:: Activity ::
Exact copies of the lines from the start of the records through the line with "is there any" are what the answer must hold; pictures are not part of it.

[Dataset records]
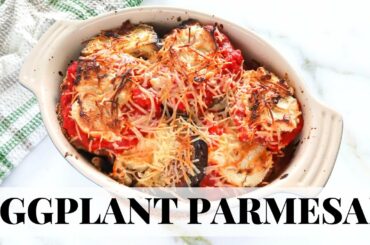 HEALTHY EGGPLANT PARMESAN RECIPE: low carb, vegan friendly, paleo recipe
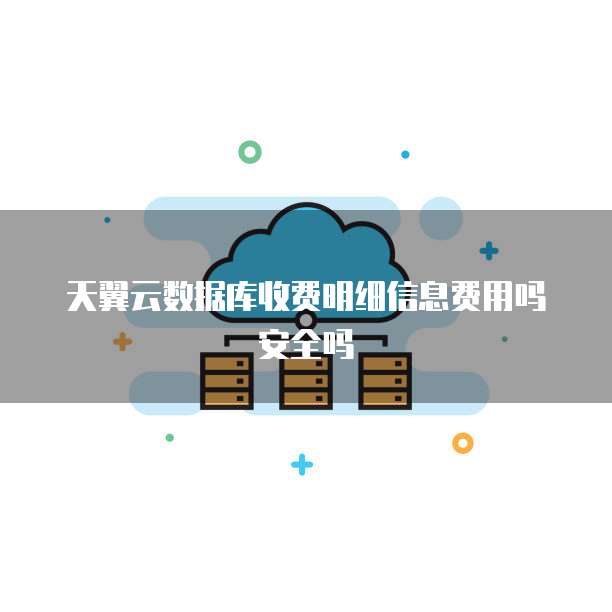天翼云数据库收费明细信息费用吗安全吗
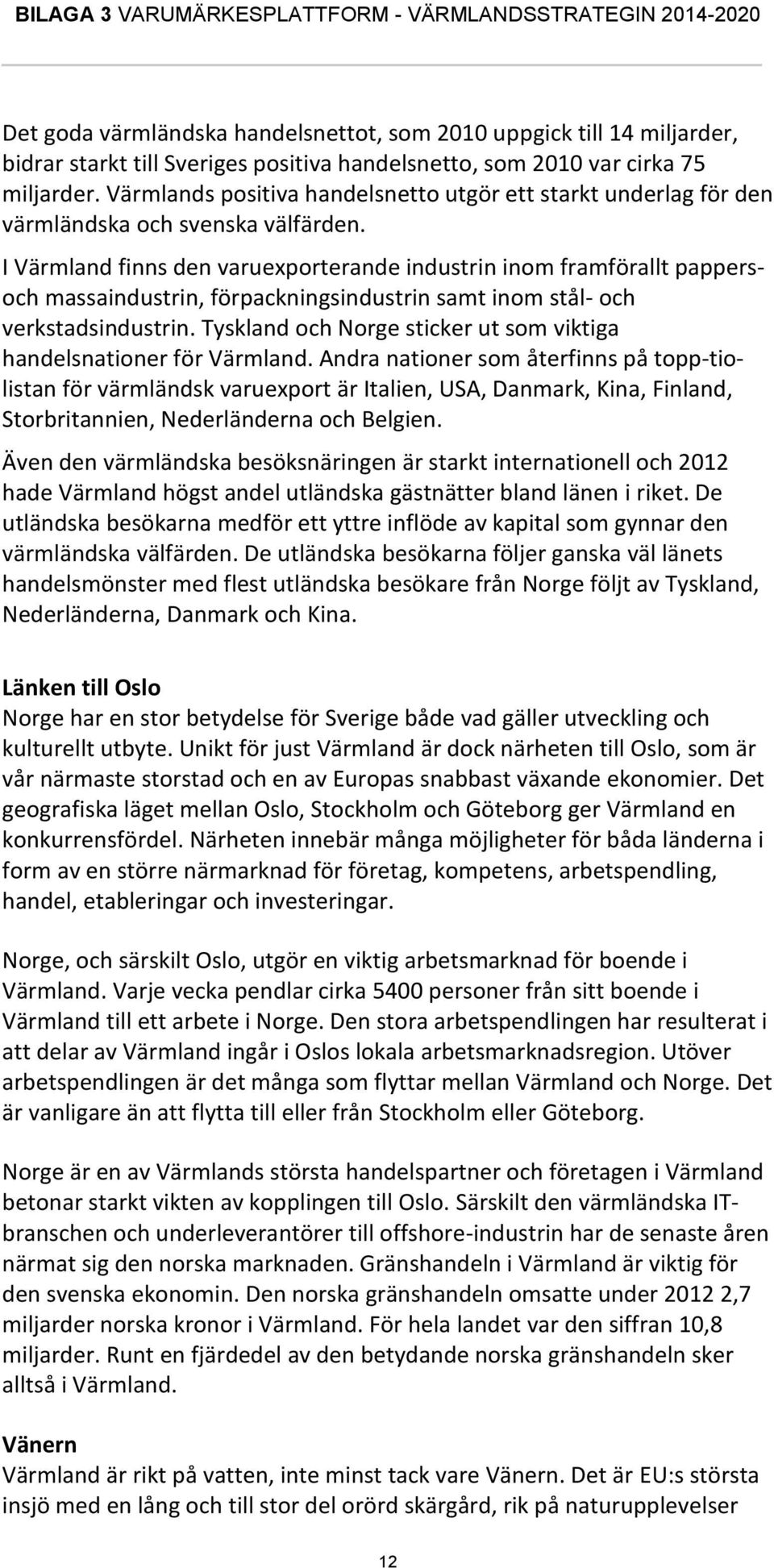 I Värmland finns den varuexporterande industrin inom framförallt pappersoch massaindustrin, förpackningsindustrin samt inom stål- och verkstadsindustrin.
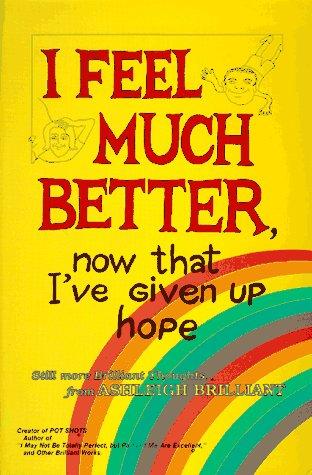 I feel much better, now that I've given up hope
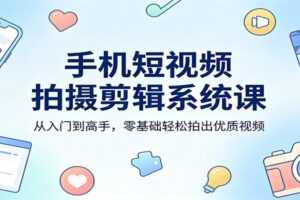 手机短视频拍摄剪辑系统课:从入门到高手,零基础轻松拍出优质视频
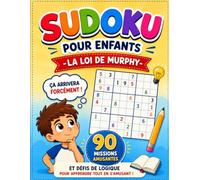 SUDOKU POUR ENFANTS -LA LOI DE MURPHY: 90 missions amusantes et défis de logique pour apprendre tout en s’amusant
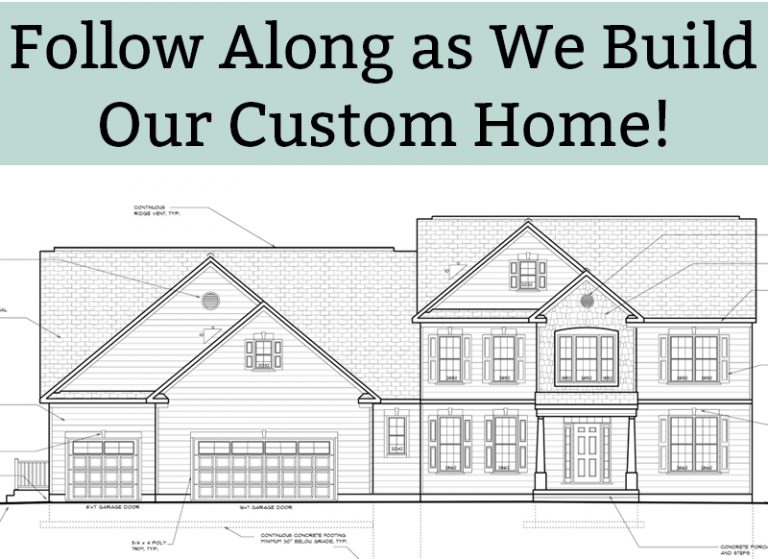 Our Custom Home Building Story
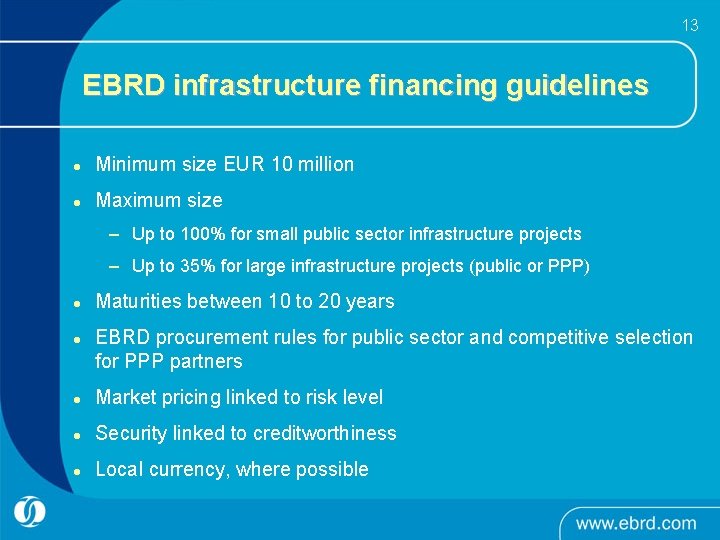 13 EBRD infrastructure financing guidelines l Minimum size EUR 10 million l Maximum size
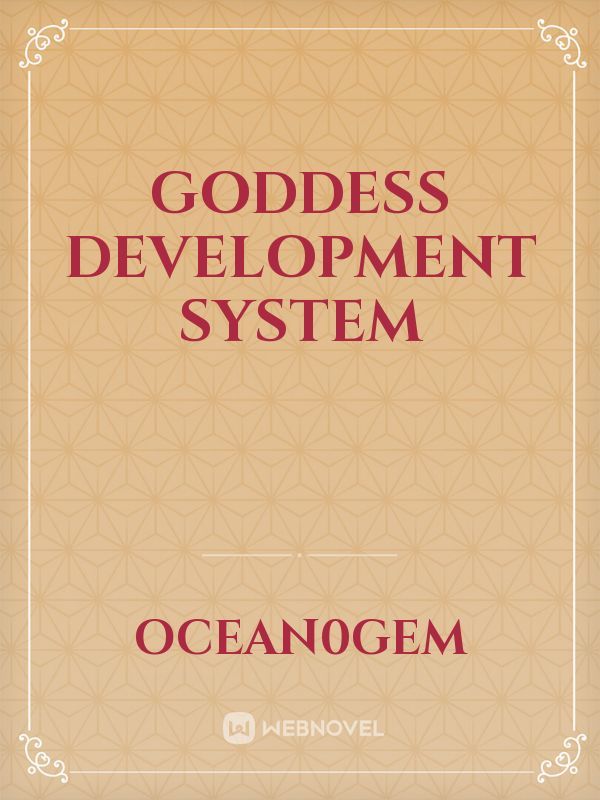 Goddess Development System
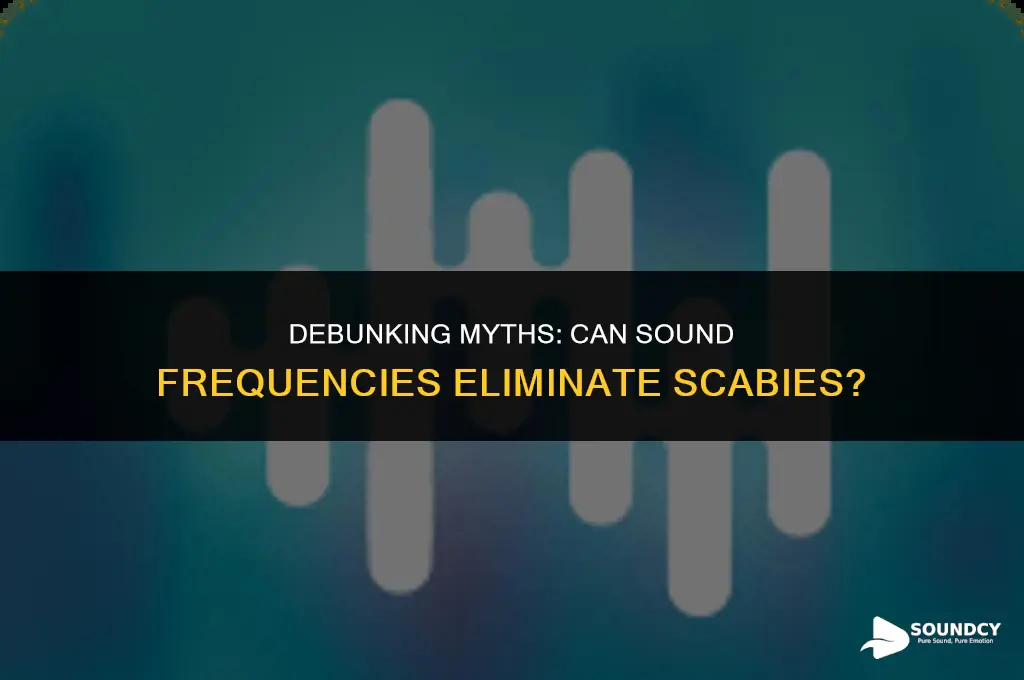 is there any sound frequecy that will kill scabies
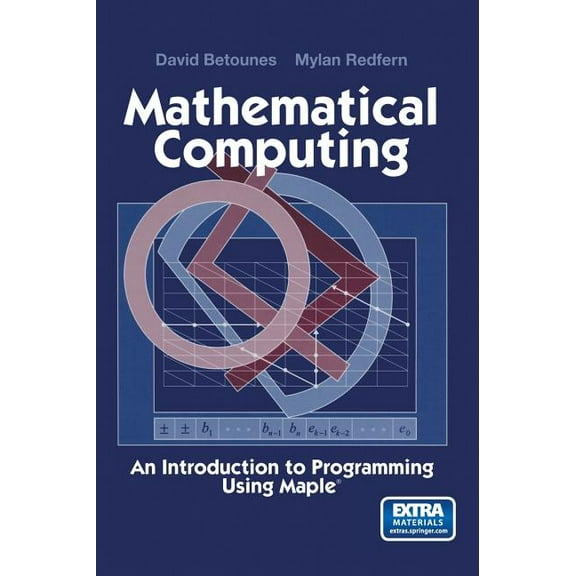 Mathematical Computing: An Introduction to Programming Using Maple(r), (Hardcover)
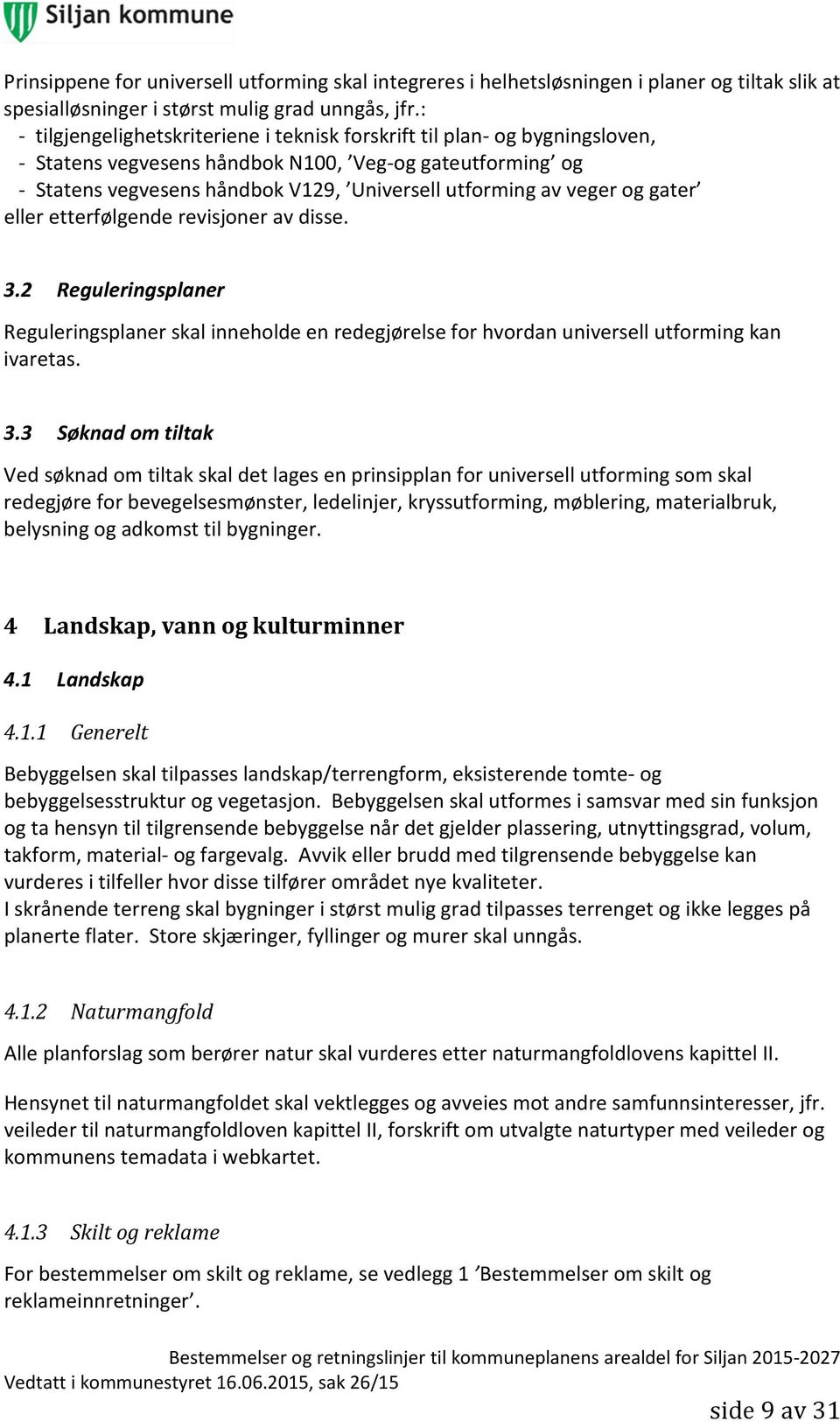 veger og gater eller etterfølgende revisjoner av disse. 3.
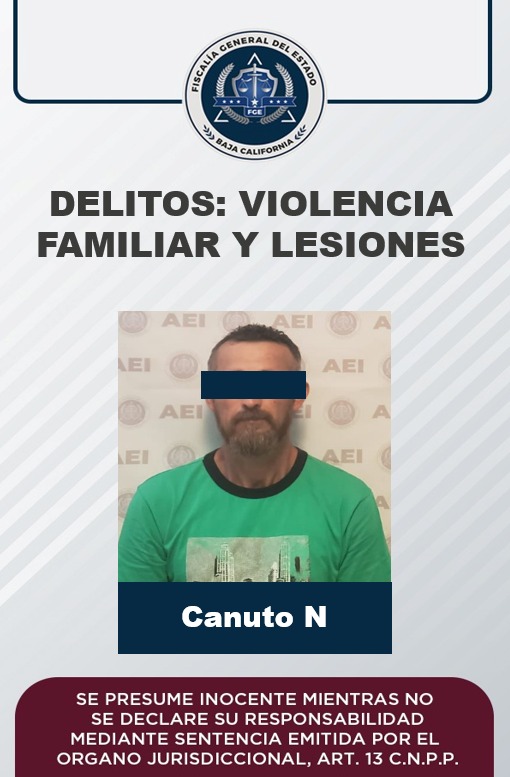 Agentes de la FGE aprehenden a un hombre por violencia familiar y lesiones, en Tecate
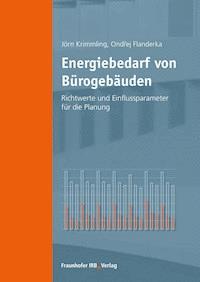 Energiebedarf von Bürogebäuden. - Jörn Krimmling - E-Book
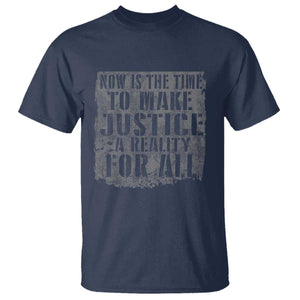 Martin Luther King Jr. Day T Shirt MLK Now Is The Time To Make Justice A Reality For All TS10 Navy Print Your Wear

:: Expected output ::
 HEALTHY EGGPLANT PARMESAN RECIPE: low carb, vegan friendly, paleo recipe
天翼云数据库收费明细信息费用吗安全吗
 I Värmland finns den varuexporterande industrin inom framförallt pappersoch massaindustrin, förpackningsindustrin samt inom stål- och verkstadsindustrin.
 I feel much better, now that I've given up hope
 手机短视频拍摄剪辑系统课:从入门到高手,零基础轻松拍出优质视频
 SUDOKU POUR ENFANTS -LA LOI DE MURPHY: 90 missions amusantes et défis de logique pour apprendre tout en s’amusant
 Our Custom Home Building Story
 13 EBRD infrastructure financing guidelines l Minimum size EUR 10 million l Maximum size
 Goddess Development System
 is there any sound frequecy that will kill scabies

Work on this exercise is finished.